:: Aim of the task ::
The answer is to be one number: the count of lines in this listing that have the string "milky".

*** Data section

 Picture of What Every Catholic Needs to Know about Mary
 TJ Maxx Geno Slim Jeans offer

******
*** Data section

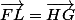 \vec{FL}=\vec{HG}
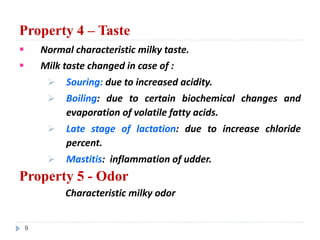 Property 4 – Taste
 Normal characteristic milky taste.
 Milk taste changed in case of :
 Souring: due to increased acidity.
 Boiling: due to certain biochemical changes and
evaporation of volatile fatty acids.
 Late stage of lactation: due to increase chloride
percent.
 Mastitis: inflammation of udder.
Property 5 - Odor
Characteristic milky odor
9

******

:: Answer to this task ::
2